Mark Andrews, managing director of Laing O'Rourke Middle East, told Construction Week: Leaders in Construction UAE Summit 2018 that design changes were a major issue in the industry.
Andrews said that understanding the causes of disputes was a complex process, with "many answers" to the question. He added: "However, probably 90% of [disputes] come from changes [...] around engineering and design."
The "vast majority" of building models here follow a "construct-only" system, he explained, which compounds the problem.
"For me as a contractor, construct-only means [you] give me a set of [issued for construction] drawings that are fully coordinated, and we will build it for a fixed price," he continued.

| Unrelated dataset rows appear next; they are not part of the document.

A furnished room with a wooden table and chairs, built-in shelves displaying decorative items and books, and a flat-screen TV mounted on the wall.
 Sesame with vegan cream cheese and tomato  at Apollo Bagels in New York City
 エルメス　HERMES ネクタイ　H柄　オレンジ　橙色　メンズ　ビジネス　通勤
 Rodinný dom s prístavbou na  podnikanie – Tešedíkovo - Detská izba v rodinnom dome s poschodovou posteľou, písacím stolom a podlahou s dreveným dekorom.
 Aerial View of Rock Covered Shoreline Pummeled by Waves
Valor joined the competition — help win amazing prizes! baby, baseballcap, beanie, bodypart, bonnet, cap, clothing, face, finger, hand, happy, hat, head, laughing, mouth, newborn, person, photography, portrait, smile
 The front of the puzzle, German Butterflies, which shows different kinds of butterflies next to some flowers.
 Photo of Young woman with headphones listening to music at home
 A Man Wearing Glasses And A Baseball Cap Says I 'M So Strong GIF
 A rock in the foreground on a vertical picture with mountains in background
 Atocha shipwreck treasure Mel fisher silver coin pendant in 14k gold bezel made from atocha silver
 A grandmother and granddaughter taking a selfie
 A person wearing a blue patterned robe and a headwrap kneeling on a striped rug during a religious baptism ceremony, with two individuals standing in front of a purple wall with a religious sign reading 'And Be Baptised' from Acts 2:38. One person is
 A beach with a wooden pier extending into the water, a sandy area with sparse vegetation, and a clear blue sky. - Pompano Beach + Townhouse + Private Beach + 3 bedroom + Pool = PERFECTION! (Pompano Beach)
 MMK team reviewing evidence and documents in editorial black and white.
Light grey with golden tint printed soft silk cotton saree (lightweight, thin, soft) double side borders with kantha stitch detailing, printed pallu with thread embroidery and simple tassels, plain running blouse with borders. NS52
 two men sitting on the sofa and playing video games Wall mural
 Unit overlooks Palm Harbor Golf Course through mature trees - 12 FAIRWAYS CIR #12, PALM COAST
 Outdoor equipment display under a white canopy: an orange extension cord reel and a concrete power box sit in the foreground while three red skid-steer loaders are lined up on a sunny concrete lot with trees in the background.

"In this market that rarely happens. [Instead,] engineering is pushed out to contractors for tender too soon. When the contractor gets to site, the engineering work is still going on."
Andrews said he'd seen instances of jobs where project changes numbered "thousands or tens of thousands". While getting paid for these variations was "possible", the volume of changes required "a whole army of people", such as engineers, procurement managers, and planners to manage the process.
"Very often, because it’s all coming in late, you need to get additional men, and this may get to the point where you need to change your shift pattern and take on night shifts, which requires extra supervision," he explained.
"Generally, most of the harder disputes are not just about the physical scope."
Andrew Greaves, regional head of construction at Addleshaw Goddard law firm agreed that "a rush to commence projects is an issue", warning that the widespread practice of rushing through designs too quickly could "create a recipe for disaster".